Still no-one sprung for Lumina? :? 

This is an interesting thread to reflect on. It's good to hear such positive reports of S2. Sounds like its the legatos that people especially like in the library, I guess I look to other libraries for legatos where there's more focus on individual instruments and detail (velocity layers / range etc). But one thing I've noticed in Cinebrass is that I tend to gravitate to the one-velocity solo horn and trumpet in Core above the more versatile Pro alternatives, albeit only for slower and quieter lines - they just have more magic and are more convincing to my ears. So I can see how S2 might be similar, and the PS sound is certainly killer.

But for those like me who are primarily looking to the Symphobia series for quick working, Lumina is still the more attractive choice I think... I'd so love to get more first hand reports though.


----------



## muziksculp (Nov 2, 2013)

Guy Rowland @ Sat Nov 02 said:


> Still no-one sprung for Lumina? :?
> 
> This is an interesting thread to reflect on.
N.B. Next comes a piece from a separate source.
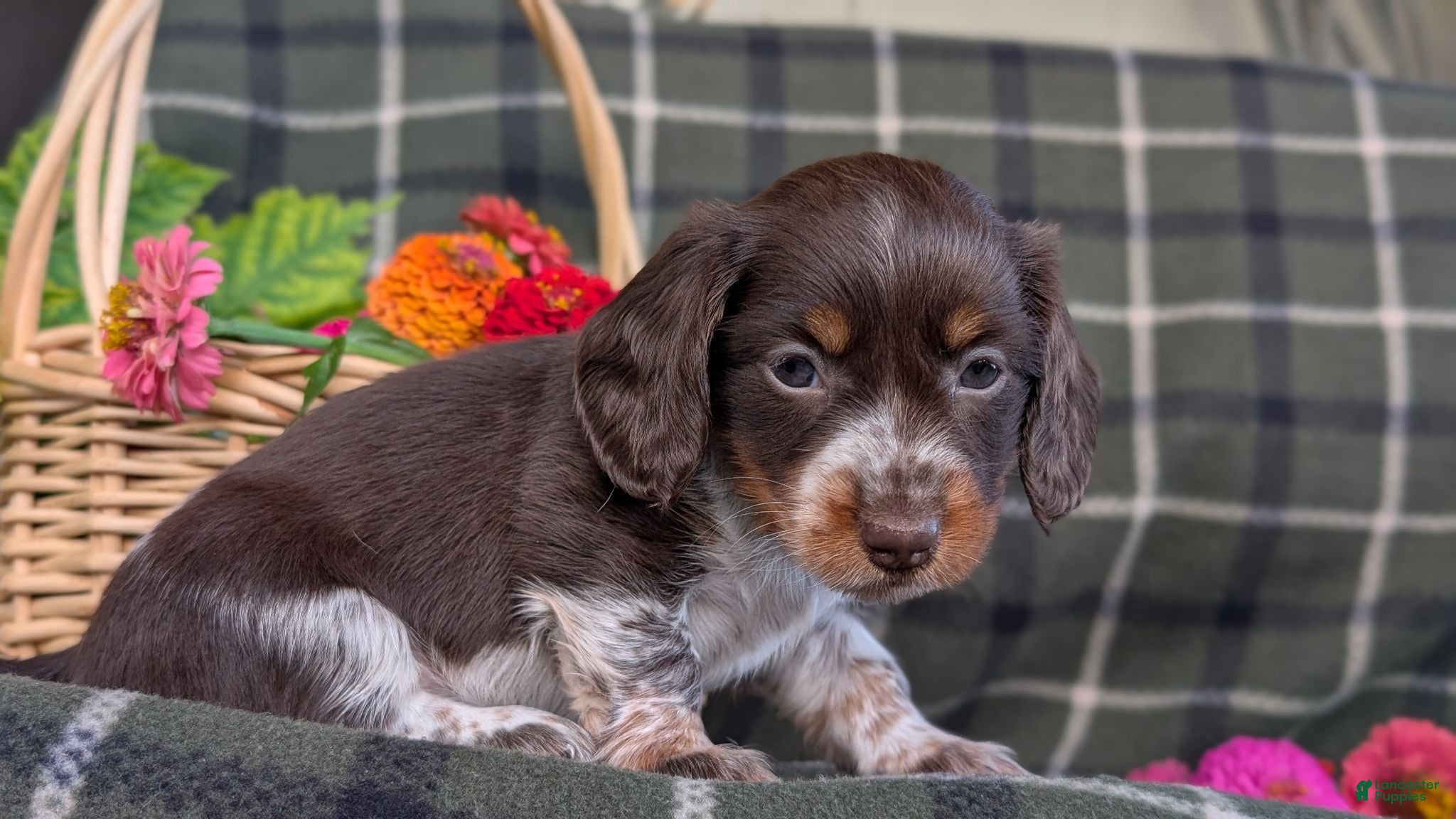 Dachshund dogs Taylor  - Ad 1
It's good to hear such positive reports of S2. Sounds like its the legatos that people especially like in the library, I guess I look to other libraries for legatos where there's more focus on individual instruments and detail (velocity layers / range etc). But one thing I've noticed in Cinebrass is that I tend to gravitate to the one-velocity solo horn and trumpet in Core above the more versatile Pro alternatives, albeit only for slower and quieter lines - they just have more magic and are more convincing to my ears. So I can see how S2 might be similar, and the PS sound is certainly killer.
> 
> But for those like me who are primarily looking to the Symphobia series for quick working, Lumina is still the more attractive choice I think... I'd so love to get more first hand reports though.



I did not go for Lumina (at this time), mainly because :

1. Not enough feedback from users.
2. Not enough demos/videos are available at PSam's Website, or from other sources to better evaluate it. 
3. I felt that Symp.2 will be more useful for my needs. Lumina a bit too specific.
4. Lumina still costs more than Symph. 2
5. Proj.Sam will be releasing a new library next year, so, I might like it more than Lumina. 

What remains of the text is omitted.